Business / Opinion

HK would benefit from more tolerance

By Hong Liang (China Daily) Updated: 2014-02-27 07:19

A small group of people in Hong Kong tarnished the city's image by gathering in a busy shopping district with megaphones last weekend and hurling verbal abuse at mainland tourists. The local government was quick to condemn the incident, which was motivated more by bigotry than by any genuine grievance.

Many Hong Kong people complain about the crowds of tourists in the streets and on public transport, especially the MTR. There have also been complaints that bulk purchases by mainland tourists have pushed up prices of a wide range of consumer goods.

To be sure, the influx of tourists, mainly from the mainland, is causing some disruptions to the daily lives of local people in the city. Such disruptions are particularly obvious in the few commercial districts where fashion outlets catering to tourists have crowded out the many small shops and eateries that were frequented by local customers.

HK would benefit from more tolerance

HK would benefit from more tolerance

But an "invasion" by tourists is not unique to Hong Kong. Shanghai, for instance, plays host to a daily crowd of tourists from around the region and beyond. Most Shanghai people have learned to accommodate them rather than reject them, although they, too, have their fair share of complaints.

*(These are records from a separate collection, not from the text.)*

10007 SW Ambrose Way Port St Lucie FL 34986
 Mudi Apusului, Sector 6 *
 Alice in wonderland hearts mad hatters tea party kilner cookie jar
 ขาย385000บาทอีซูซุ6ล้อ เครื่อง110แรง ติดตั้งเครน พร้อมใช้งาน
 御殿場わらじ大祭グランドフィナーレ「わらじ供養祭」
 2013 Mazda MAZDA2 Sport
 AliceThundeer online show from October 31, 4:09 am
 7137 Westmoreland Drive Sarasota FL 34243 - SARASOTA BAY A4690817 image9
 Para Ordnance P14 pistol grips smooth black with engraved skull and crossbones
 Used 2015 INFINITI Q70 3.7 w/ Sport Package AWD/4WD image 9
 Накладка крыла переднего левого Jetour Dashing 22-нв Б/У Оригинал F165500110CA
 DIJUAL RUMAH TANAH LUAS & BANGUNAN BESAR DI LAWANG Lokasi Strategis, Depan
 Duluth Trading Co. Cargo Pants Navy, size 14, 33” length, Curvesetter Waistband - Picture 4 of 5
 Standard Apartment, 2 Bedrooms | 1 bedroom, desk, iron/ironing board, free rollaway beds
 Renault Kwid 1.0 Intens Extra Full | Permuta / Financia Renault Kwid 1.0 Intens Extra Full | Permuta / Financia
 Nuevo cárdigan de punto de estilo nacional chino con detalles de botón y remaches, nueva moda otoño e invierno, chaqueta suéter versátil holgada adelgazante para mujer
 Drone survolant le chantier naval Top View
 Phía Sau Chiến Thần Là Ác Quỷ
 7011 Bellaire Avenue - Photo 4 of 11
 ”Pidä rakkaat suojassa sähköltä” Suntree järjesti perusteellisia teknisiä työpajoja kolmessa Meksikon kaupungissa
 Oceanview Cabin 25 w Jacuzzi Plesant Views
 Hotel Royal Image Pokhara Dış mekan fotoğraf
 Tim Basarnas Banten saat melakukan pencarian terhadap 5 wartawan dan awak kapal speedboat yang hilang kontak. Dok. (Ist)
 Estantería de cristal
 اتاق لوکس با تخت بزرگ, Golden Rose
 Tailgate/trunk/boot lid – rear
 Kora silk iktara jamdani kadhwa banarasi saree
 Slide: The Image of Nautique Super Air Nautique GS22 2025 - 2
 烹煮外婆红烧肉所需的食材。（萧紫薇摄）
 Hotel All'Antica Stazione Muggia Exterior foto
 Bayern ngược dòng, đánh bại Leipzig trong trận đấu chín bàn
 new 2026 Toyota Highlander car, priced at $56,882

If you live in Shanghai for a while, you very quickly learn to avoid going to the tourist hotspots, such as the Bund district or the Yuyuan area around the Temple of the City God. Indeed, Shanghai people have willingly surrendered these districts to tourists, and quite a few Shanghai natives have never been to these places.

There is really little reason why local people need to jostle with the tourist crowds in Hong Kong. Instead of Causeway Bay or Tsim Sha Tsui, local consumers can frequent areas such as Wanchai or the old town in the western district where few tourists venture.

Some cities, notably Venice, have economies that depend heavily on the income generated by tourists. Hong Kong is not one of them, but tourism is still an important contributor to economic growth, although the return on investment in tourism is a question that has been open to debate for years. There have been no shortage of critics, who charge that the money spent on the Disneyland project, the biggest government investment in promoting tourism, could have been better used to improve the infrastructure in Hong Kong and bring real benefits to the local people.

But the fact is that investment has been made and tourists are coming in droves to spend. In doing so, they have helped create many jobs for local people in various business sectors, including catering, retail and entertainment.

Yet despite the benefits tourism brings to the city, more and more Hong Kong people are asking how much more strain the infrastructure can take from the influx of visitors before it reaches breaking point. Although the local government has said it is aware of the issue, it has offered no solutions.

The private sector is doing its best to cash in on the influx of tourists by converting old office complexes and industrial buildings into hostels. New shopping malls are being built and old residential buildings near the commercial districts are being converted into multistory shops and fancy boutiques.

Nobody seems to know how many tourists are too many. The Venetians never complain about the invasion of tourists, and people in Shanghai have accepted, albeit grudgingly, the daily throngs of people from "the outside". Hong Kong people should learn that some tolerance will let them reap more benefits from tourism.

The author is a senior editor with China Daily.